**Work instruction:** Pictures appear among the records below and must be omitted. Repeat exactly the lines from the line with "Stamperia - Shabby Rose A4 Rice Paper Clock" to the line with "2726 Kürk Garnili Kot Detaylı Mont EKRU", both included.

**Given data:**

+ + + +

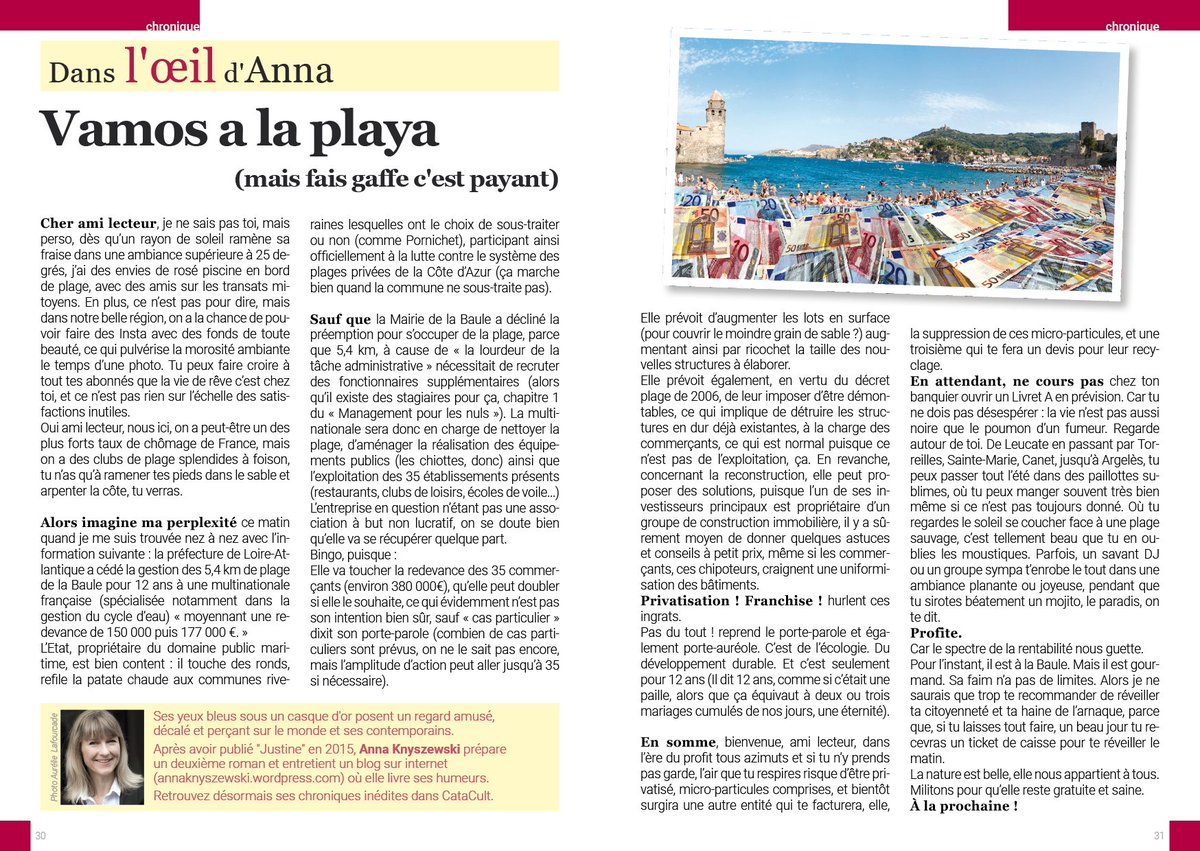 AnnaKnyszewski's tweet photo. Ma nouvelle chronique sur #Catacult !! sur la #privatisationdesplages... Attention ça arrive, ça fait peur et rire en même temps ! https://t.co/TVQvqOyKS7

+ + + +

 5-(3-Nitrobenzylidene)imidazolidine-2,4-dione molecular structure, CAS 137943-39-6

+ + + +

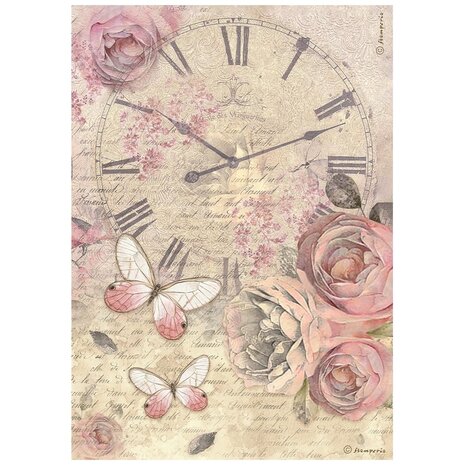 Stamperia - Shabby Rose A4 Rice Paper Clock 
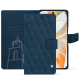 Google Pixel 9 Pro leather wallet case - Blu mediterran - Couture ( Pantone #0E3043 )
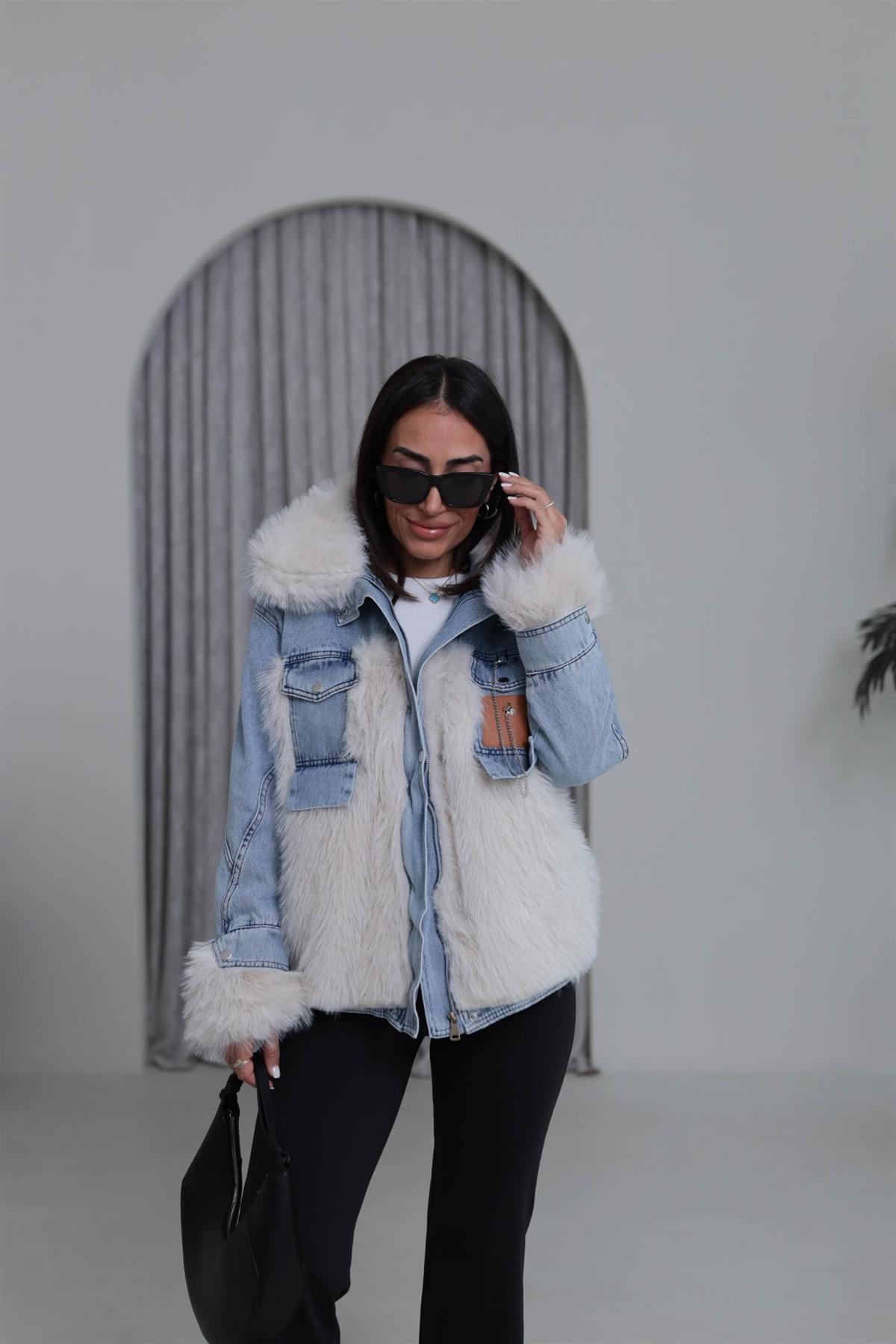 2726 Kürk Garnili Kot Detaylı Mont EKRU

+ + + +

**Output for this exercise:**
 Stamperia - Shabby Rose A4 Rice Paper Clock 
 Google Pixel 9 Pro leather wallet case - Blu mediterran - Couture ( Pantone #0E3043 )
 2726 Kürk Garnili Kot Detaylı Mont EKRU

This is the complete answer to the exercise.